I don’t know about the timing. This is a lame-duck session in the Michigan legislature. Apparently the Republicans have a bigger majority than they will have when they come back, and have decided to go for it. Governor Snyder has announced he is going to sign it, if it arrives on his desk as expected.

I am a little mystified by the new politics. The President’s appearance up in Michigan seems to be part of some campaign that never ends. The election was several weeks ago- my pal Space announced that he had just taken himself off suicide watch last week as he recovered.

The Judge was sitting next to me at Willow. He was in town on some matters of personal health from his retreat up at Deep Creek. He opined that it was a pretty grand time to be retired, since now he can spend all his free time talking to doctors.

I just sighed. The President apparently thinks that going out to the hustings will encourage people to pressure the Republicans in the House to go along with raising taxes. I am puzzled by the approach- the GOP members all appear to be in safe districts created by their determined redistricting efforts, so I am not sure who the target audience is.

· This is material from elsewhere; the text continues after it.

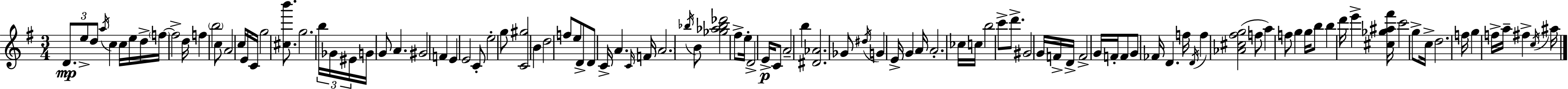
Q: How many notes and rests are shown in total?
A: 105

The Judge laughed. The Democrats in Maryland just redistricted his distant county in the pan-handle of the state out by West Virginia into a new spaghetti-shaped district that is concentrated in the DC suburbs. He shrugged. “There are more people at the mall in Montgomery County than there are in Garret County. That is the way this stuff works.” He took an appreciative sip of Willow’s Happy Hour White.

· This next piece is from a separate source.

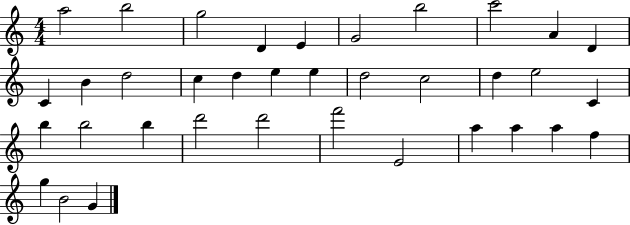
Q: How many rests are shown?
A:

“But that means your vote is worthless,” I said. The Judge just smiled.

I assume the thrust of all this is for most of us to get on board with raising taxes on those millionaires-and-billionaires making more than two married GS-13 government employees in Montgomery County. I am pretty resigned to it happening, as are most folks I know. The concept is particularly popular if it is someone else’s taxes you are raising.

I would be OK if they just raised Warren Buffet’s taxes, or maybe him and Matt Damon and those Hollywood people who are onboard with the concept. I mean, if you had a choice, would you willingly shell out money you didn’t have to?

Mr. Obama took advantage of a supportive audience yesterday to get beyond the tax thing and speak about the right-to-work legislation that might be passed today. Governor Snyder used to say that he did not have this on his agenda, but has changed course and announced he will sign it.

The news is reporting that buses are heading for the state capital in Lansing from all over, and so many teachers will be there that several school districts have announced closures.

It is about the kids, I understand.

The circus that occurred in Wisconsin when Scott Walker did this is probably a pretty good template for what is going to go on today, and I wish I was going to be there to see it.

Unfortunately, I have got to work.

More on all this tomorrow. With all the paint-chipping going on next door, I can barely hear myself think. I imagine the legislators in Michigan are going to be feeling the same way.